Just like Ryan Murphy always sprinkles each season of American Horror Story with clues about the theme of the next, there was a big hint about Season 2's plot dropped all the way back in Season 1. In one episode of Fargo's freshman season, Lou Solverson mentioned a particularly nasty case from his past, which he referred to as "the Sioux Falls Massacre" — a case so nasty it's the reason he left the police force behind in favor of slinging pancakes. (He described it as "savagery, pure and simple.") So what happened in Sioux Falls all those years ago? ... That's exactly what Season 2 promises to show us.
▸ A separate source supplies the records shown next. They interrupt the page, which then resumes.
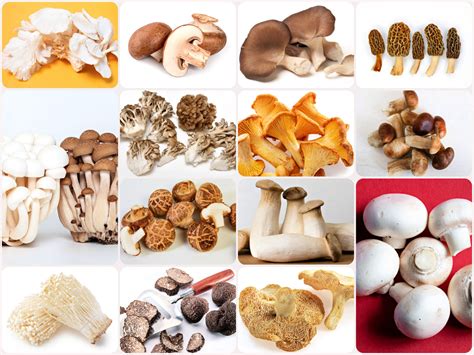 Types Of Mushrooms With Names And Pictures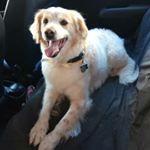 Profile Picture of περικλης αγγελογιαννοπουλος (@aggelogiannopoulos) on Instagram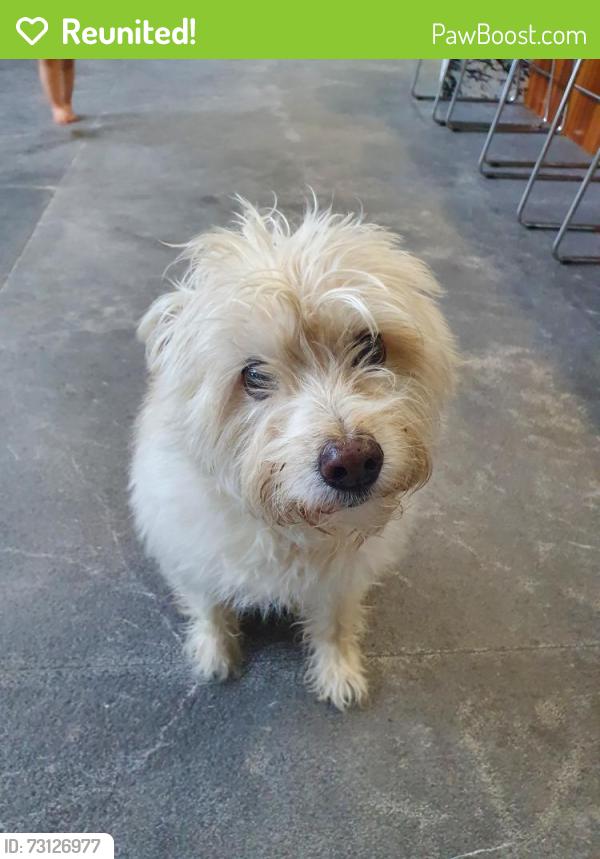 Reunited Female Dog last seen Near Vandermere ct. Kingwood, TX 77345, Houston, TX 77345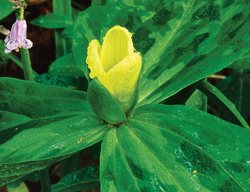 Trillium Discolor, Pale Yellow Trillium
Cheekwood Botanical Garden and Museum of Art
Nashville, TN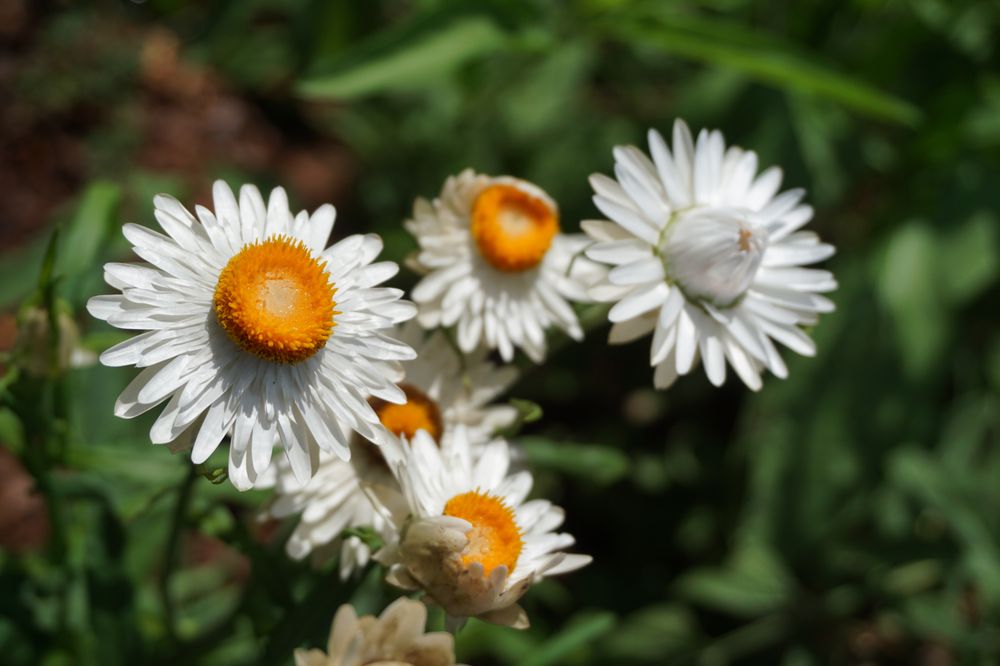 Photo of Birmingham Botanical Gardens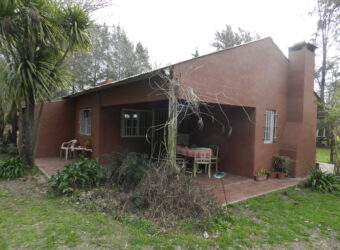 3,5 Has. Chacra en Lima – Zárate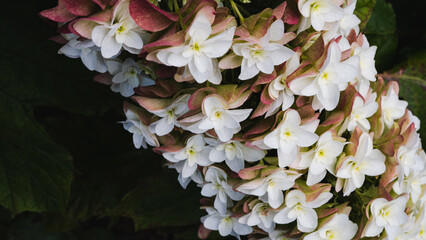 白い紫陽花のクローズアップ © RYOSUKE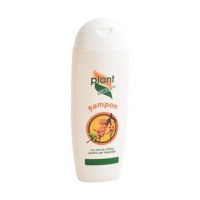 SHORT LIFE - Sampon cu Catina pentru Par Degradat Plant Activ, 200 ml - 1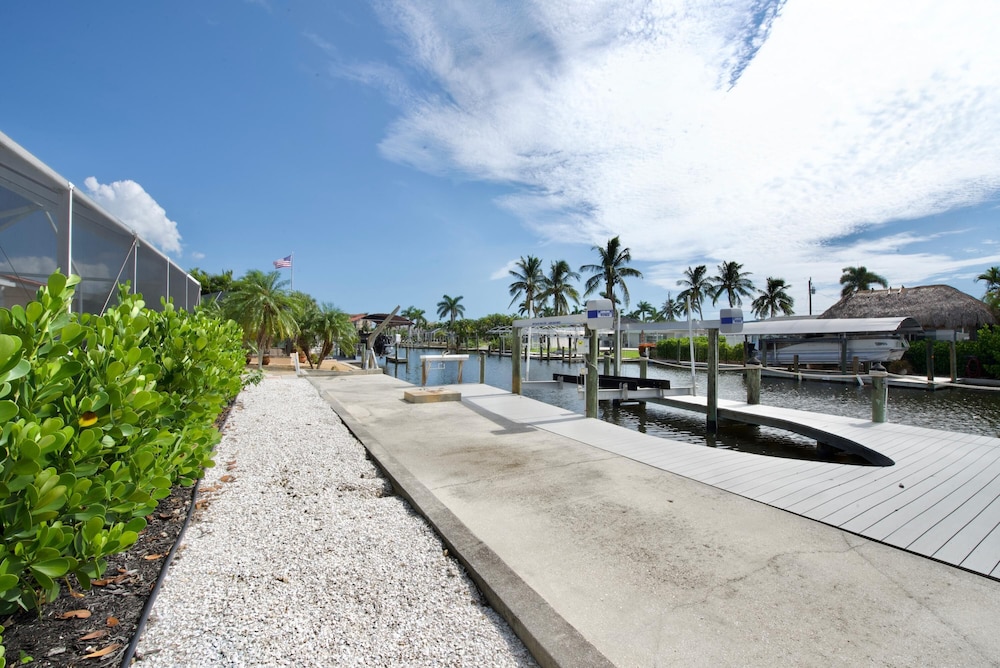 Palmview Paradise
We already know one thing for sure: innocent lives will be caught in the crossfire of the Sioux Falls Massacre. Kirsten Dunst and Jesse Plemons star in Season 2 as a beautician and her butcher husband who "find themselves caught in an escalating war between a local crime gang," headed up by Jean Smart's Floyd Gerhardt (above) "and a major Mob syndicate." But apart from being tied together by this thin strand of plot, the two seasons are also thematic siblings. "I like the idea that somewhere out there is a big, leather-bound book that’s the history of true crime in the Midwest, and the movie was Chapter 4, Season 1 was Chapter 9, and this is Chapter 2," showrunner Noah Hawley mentioned in an interview between seasons. "You can turn the pages of this book, and you just find this collection of stories. … But I like the idea that these things are connected somehow, whether it’s linearly or literally or thematically. That’s what we play around with."

Unfortunately, since Season 2 takes place in the same world as Season 1, Hawley was unable to keep the same cast members around, the way that AHS does every year. So Billy Bob Thornton, Martin Freeman, Allison Tolman, and Colin Hanks are all nowhere to be found this time around. But with an all-new cast containing the likes of Wilson, Dunst, Plemmons, and Smart — as well as Ted Danson, Nick Offerman, Bruce Campbell, and more — Fargo fans are still in for quite the treat. Just don't expect a lot of that trademark "Minnesota nice" as these characters all lie, backstab, and murder their way to the infamous Sioux Falls Massacre.